Alex West, principal analyst of IHS Markit's smart manufacturing division, said Emerson, Siemens and other makers of wireless, remote and other oil-equipment monitoring systems have all benefited from the rebound of oil and surge of natural gas.

"We have gone from those $80-a-barrel break-even points to oil prices now sitting at $50 a barrel. So, companies had to find a way of … reducing their costs," he said. "Certainly instrumentation like Emerson's has played a part in that."

Its remote sensors and monitors and nonstop digital-data collection let oil "companies have better visibility of any potential energy wasting, and helped with collecting data and maximizing the efficiency of their processes," West said. "Certainly the unconventionals [like the shale/fracking sector] have been one that we have seen adopting instrumentation quickly to help benefit its business and to reduce break-even costs."

Emerson executives also point to a series of strategic acquisitions that have positioned the company well for when the oil and gas industry fully recovers.

In the past few years, Emerson made a series of small purchases, including a fledgling sensor company, a flame-and-gas detection equipment maker and an English firm that makes products that prevent pipe corrosion. In the spring, Emerson made a big acquisition, paying $3.1 billion for the energy valves and control division of Pentair.

The Pentair deal will fill a gap in Emerson's energy valves business, Train said.

"We already had a large valves business," he said. "But Pentair's were a slightly different type."
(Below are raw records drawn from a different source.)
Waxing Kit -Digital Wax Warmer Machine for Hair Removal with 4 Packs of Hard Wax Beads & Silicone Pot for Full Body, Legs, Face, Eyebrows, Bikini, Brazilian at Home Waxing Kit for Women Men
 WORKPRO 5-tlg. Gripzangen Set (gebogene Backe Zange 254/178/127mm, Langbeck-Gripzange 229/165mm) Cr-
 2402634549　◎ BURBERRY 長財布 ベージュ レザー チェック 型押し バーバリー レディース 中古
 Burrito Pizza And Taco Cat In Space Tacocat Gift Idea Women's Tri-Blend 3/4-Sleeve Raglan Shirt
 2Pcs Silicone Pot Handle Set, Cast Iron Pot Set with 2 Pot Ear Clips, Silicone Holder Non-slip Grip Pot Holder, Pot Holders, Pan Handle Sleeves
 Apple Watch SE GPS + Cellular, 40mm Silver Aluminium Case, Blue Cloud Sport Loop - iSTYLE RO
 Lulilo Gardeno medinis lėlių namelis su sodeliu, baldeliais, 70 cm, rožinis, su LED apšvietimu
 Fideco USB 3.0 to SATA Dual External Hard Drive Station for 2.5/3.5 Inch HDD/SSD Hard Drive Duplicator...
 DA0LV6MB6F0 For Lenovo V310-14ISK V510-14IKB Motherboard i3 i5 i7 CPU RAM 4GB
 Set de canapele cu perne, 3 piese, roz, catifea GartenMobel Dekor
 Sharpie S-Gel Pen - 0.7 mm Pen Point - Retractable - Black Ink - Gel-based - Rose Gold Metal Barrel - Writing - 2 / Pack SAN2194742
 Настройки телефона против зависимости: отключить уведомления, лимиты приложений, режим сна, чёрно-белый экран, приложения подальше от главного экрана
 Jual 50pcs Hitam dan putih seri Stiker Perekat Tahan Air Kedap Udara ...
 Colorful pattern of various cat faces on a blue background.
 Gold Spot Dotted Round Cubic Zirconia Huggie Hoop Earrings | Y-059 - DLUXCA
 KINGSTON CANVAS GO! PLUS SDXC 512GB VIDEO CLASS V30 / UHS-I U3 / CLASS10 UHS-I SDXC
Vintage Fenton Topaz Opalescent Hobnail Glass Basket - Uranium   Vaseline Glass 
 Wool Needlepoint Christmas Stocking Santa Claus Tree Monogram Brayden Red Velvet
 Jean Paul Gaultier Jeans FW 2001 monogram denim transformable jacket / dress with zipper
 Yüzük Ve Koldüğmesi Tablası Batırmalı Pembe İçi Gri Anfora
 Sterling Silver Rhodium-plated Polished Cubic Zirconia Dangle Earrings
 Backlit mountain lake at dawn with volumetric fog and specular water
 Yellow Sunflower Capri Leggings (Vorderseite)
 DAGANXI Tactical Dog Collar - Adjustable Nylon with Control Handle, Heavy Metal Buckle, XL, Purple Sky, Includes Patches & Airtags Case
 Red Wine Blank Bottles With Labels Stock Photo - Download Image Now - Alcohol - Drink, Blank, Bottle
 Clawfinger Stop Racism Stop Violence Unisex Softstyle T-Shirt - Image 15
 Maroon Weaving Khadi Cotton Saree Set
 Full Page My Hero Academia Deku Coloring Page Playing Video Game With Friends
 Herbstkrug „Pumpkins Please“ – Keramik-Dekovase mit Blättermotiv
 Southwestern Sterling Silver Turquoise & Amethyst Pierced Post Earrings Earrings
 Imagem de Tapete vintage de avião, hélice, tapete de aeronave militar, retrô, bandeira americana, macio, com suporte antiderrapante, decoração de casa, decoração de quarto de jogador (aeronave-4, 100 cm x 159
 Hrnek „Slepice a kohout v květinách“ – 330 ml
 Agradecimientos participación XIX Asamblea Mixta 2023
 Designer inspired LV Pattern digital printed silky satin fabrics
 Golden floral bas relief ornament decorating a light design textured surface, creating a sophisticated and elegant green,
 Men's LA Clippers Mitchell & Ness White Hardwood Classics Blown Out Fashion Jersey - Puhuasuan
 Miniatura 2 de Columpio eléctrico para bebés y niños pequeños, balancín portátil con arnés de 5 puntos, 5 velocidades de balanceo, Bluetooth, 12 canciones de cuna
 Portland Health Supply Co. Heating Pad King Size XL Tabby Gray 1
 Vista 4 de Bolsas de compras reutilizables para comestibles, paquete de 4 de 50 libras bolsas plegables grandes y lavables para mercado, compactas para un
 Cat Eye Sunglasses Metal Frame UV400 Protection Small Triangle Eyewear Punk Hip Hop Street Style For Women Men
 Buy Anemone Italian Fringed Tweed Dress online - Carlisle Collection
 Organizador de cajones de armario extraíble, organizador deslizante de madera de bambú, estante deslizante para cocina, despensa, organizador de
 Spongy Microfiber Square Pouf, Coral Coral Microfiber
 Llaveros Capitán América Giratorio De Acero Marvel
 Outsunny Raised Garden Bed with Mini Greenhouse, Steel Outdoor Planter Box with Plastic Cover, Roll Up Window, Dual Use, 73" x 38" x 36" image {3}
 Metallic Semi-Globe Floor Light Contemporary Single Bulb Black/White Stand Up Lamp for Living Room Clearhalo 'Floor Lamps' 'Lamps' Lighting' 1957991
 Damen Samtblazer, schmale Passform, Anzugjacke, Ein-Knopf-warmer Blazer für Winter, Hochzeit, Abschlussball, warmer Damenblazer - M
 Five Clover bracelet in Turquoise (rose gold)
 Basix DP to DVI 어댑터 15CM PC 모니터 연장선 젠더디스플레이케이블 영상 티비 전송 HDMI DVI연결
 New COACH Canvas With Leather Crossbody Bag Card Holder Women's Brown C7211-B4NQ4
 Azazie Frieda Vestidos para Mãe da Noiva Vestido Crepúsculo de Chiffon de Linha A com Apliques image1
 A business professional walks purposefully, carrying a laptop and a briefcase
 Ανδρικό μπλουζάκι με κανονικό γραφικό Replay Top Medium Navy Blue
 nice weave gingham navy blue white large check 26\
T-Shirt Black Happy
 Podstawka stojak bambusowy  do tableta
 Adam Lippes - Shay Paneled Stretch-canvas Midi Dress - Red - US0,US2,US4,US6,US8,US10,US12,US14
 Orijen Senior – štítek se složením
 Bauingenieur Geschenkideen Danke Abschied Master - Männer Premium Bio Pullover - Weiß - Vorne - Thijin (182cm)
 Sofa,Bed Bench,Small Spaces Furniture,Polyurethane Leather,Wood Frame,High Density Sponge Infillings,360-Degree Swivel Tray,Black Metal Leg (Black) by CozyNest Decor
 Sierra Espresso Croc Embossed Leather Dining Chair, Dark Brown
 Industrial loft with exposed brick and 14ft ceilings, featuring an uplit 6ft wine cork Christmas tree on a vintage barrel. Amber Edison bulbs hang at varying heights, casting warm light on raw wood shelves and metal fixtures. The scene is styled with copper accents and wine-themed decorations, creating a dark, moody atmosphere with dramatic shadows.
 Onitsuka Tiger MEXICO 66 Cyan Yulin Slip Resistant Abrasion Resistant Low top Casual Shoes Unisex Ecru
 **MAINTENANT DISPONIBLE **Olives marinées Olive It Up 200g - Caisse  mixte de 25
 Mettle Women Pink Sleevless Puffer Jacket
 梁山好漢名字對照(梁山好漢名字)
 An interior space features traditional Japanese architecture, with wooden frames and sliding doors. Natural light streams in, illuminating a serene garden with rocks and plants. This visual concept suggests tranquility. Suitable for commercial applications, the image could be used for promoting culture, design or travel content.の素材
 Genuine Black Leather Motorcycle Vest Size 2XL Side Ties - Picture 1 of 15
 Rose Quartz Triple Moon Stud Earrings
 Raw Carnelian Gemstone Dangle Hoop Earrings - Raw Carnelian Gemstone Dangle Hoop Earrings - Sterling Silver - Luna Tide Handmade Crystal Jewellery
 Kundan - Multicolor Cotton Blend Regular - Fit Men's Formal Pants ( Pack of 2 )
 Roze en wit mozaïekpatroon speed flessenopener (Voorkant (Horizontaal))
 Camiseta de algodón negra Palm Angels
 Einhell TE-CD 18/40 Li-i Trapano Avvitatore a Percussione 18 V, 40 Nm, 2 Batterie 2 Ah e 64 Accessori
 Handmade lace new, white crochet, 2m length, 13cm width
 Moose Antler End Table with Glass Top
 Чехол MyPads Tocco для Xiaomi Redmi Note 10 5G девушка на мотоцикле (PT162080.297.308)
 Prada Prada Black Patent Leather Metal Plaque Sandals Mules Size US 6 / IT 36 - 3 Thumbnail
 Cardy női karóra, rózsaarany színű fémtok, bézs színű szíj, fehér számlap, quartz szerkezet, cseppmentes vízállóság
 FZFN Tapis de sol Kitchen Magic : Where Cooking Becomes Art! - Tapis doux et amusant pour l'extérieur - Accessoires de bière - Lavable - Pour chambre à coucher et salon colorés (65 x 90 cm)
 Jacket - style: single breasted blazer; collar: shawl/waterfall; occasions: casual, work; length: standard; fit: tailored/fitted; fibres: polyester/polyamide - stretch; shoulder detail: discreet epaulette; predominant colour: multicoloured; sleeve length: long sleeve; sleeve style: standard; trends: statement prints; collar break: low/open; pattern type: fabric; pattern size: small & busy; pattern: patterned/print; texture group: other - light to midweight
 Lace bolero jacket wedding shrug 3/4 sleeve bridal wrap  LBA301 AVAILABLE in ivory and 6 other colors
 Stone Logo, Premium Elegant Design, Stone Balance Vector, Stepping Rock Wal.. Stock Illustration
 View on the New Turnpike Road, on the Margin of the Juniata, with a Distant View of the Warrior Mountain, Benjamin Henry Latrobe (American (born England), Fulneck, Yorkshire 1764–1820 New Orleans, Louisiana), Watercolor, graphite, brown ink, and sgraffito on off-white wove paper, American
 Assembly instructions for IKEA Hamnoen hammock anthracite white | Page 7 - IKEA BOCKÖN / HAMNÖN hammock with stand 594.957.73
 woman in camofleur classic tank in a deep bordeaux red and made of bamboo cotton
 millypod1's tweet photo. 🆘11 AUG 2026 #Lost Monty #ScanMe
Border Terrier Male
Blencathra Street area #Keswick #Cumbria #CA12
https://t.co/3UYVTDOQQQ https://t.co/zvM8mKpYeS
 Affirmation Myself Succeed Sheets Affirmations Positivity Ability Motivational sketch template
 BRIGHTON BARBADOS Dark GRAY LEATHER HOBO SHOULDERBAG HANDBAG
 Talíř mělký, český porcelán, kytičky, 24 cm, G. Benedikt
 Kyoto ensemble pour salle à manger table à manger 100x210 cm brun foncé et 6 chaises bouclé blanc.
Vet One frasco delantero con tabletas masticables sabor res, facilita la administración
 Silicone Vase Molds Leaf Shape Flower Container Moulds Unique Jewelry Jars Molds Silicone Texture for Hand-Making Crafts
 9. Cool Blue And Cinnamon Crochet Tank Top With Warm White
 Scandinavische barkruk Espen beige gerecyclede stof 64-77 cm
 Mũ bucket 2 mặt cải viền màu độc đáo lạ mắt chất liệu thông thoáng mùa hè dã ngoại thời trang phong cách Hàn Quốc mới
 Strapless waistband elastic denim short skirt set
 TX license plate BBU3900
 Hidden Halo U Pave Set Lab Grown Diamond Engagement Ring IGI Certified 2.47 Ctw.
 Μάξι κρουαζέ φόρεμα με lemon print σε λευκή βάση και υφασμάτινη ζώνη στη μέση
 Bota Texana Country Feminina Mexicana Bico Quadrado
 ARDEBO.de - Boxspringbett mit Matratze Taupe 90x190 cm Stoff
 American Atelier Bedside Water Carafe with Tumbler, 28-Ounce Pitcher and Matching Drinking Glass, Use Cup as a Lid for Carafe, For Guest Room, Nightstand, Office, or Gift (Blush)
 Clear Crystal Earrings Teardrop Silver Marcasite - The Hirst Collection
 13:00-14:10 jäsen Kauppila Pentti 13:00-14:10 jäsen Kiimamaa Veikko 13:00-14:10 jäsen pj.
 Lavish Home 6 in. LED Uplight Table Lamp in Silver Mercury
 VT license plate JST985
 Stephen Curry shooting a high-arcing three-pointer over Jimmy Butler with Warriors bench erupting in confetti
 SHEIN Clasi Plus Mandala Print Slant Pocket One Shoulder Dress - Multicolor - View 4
The division makes a safety valve that can automatically monitor pressure and shut off on its own, without the need for constant adjustments. The unit didn't do much for Pentair, which is a well-respected maker of pumps.

But at Emerson, Train said, it will do well as the industry marches toward full recovery.

It's taken two years, but "we are starting to get some positive underlying growth," Train said.